Matteo Renzi scopre le carte e minaccia lo strappo in maggioranza sulla prescrizione: «Lo stop alla prescrizione dopo il primo grado di giudizio scatta perché due forze populiste, 5 Stelle e Lega, hanno votato questa legge assurda. Noi abbiamo votato contro: ne vado fiero. Una giustizia senza fine non è giustizia. Solo la demagogia può pensare di far credere che per i cittadini sia meglio cosi» rilancia da twitter il leader di Italia Viva. Per l'ex presidente del Consiglio senza il rinvio della riforma Bonafede, che cancella (dal primo gennaio 2020) la prescrizione dopo il primo grado di giudizio, il governo rischia di non avere i numeri in Parlamento:«Sulla giustizia in maggioranza ci sono visioni opposte: la prescrizione, la presunzione d'innocenza, la confisca e altro. O si trova un accordo equilibrato o ciascuno in Parlamento vota come vuole. La responsabilità spetta innanzitutto al ministro».
La lunga seduta del Consiglio dei ministri pre-vacanze natalizie non sblocca la trattativa sulla giustizia. Che resta il tallone d'Achille del governo Conte bis. Il ministro della Salute Roberto Speranza invoca un compromesso che scongiuri la rottura: «Sulla prescrizione la mediazione è possibile se si saprà conciliare il dovere dello Stato di accertare i fatti e il diritto dei cittadini che questo avvenga in tempi ragionevoli».
Il Pd si accoda alla linea dei renziani e prepara l'arma di un Ddl per modificare la legge Bonafede: «Come assicurazione sulla vita noi presenteremo un nostro ddl sulla prescrizione che ci auguriamo di non dover usare. Ma la legge di Bonafede da sola resta una norma sbilenca e una bandiera», annuncia il vicsegretario del Pd ed ex Guardasigilli Andrea Orlando, in un'intervista a Repubblica.
Il premier Giuseppe Conte naviga a vista. I fronti aperti sono tanti: dalla giustizia all'autonomia. Ma anche sul voto in giunta al Senato, dopo la richiesta di l'autorizzazione a procedere contro Matteo Salvini per il caso della nave Gregoretti, la maggioranza giallorossa rischia di arrivare spaccata. Con Italia Viva pronta a votare contro la richiesta dei giudici del Tribunali dei ministri di Catania.

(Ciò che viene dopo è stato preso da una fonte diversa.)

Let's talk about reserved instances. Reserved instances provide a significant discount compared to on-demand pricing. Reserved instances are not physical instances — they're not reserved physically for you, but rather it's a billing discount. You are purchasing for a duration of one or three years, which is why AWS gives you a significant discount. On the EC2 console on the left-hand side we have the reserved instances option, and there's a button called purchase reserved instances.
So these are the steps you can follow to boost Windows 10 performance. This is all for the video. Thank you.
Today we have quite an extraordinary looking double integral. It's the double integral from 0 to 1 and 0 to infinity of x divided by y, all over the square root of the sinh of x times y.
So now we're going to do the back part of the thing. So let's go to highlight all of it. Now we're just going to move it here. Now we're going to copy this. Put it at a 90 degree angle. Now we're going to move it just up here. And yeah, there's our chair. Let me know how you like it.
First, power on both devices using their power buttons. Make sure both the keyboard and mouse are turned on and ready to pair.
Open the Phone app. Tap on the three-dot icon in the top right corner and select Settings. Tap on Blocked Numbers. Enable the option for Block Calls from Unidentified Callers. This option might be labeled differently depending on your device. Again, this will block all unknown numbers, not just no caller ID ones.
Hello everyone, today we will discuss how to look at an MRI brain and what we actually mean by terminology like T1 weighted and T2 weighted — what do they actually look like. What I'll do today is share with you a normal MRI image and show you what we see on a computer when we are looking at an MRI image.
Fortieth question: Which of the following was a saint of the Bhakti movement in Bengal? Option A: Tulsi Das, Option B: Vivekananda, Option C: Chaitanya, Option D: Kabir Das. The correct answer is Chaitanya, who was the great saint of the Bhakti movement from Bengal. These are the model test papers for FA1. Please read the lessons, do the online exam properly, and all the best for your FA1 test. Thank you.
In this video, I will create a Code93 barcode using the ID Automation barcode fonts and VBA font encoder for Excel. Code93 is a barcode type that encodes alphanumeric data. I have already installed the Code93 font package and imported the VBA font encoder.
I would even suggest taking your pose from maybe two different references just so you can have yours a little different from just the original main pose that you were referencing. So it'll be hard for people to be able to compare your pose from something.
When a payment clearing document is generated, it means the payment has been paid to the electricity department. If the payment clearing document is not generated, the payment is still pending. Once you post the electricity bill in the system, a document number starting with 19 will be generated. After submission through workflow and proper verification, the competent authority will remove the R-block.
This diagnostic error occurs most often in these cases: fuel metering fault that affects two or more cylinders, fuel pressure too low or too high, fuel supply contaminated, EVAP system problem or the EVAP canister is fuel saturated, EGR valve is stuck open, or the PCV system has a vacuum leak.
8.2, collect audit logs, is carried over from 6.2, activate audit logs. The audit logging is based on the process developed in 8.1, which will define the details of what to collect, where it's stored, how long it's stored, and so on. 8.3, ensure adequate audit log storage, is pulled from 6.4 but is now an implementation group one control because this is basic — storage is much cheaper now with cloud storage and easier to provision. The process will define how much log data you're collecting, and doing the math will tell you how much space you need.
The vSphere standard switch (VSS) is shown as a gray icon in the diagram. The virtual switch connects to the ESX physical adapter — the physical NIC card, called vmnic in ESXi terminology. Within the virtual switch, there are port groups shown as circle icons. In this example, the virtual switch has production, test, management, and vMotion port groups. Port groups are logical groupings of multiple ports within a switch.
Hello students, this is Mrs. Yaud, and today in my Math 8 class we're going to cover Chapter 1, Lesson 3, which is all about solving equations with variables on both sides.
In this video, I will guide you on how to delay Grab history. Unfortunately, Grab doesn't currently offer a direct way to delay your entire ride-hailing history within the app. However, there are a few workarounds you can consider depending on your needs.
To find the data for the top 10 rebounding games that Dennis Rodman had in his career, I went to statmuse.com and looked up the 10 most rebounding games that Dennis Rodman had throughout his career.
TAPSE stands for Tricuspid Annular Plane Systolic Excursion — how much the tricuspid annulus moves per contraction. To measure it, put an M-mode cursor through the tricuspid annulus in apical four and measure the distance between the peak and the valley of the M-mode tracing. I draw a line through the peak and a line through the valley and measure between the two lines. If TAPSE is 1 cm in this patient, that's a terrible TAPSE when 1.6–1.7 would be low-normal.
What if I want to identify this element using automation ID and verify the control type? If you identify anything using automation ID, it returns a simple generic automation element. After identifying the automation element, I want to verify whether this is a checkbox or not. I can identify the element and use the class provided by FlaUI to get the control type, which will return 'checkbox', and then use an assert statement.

Sulle intercettazioni la maggioranza prende tempo: il decreto legge non contiene solo un rinvio a marzo dell'entrata in vigore delle nuove norme, ma anche diverse modifiche della disciplina. Il testo è composto di due articoli. La scelta delle intercettazioni rilevanti o meno non sarà più solo della polizia giudiziaria, ma rientrerà nella sfera decisionale del pubblico ministero. Con il provvedimento si interviene sulla riforma Orlando del 2017, se ne posticipa ancora una volta l'entrata in vigore al 29 febbraio e si correggono alcuni punti indigesti al Movimento 5 stelle e al ministro della Giustizia Alfonso Bonafede. Con le nuove norme gli avvocati potranno estrarre copia delle intercettazioni rilevanti. Cade inoltre la disposizione della riforma Orlando che molti avevano definito un bavaglio per i cronisti: il giornalista che pubblica l'intercettazione non rischia più di essere incriminato per violazione di segreto d'ufficio. Restano sostanzialmente le regole in vigore oggi.
Il decreto contiene anche indicazioni chiare rispetto alle indagini tuttora in corso per le quali vale la vecchia normativa. Di rinvio in rinvio, l'esecutivo vivacchia. I nodi restano tutti sul tavolo.La verifica di governo inizierà il 7 gennaio. Ma c'è il sospetto che il governo arrivi a quella data già lacerato e senza soluzioni politiche.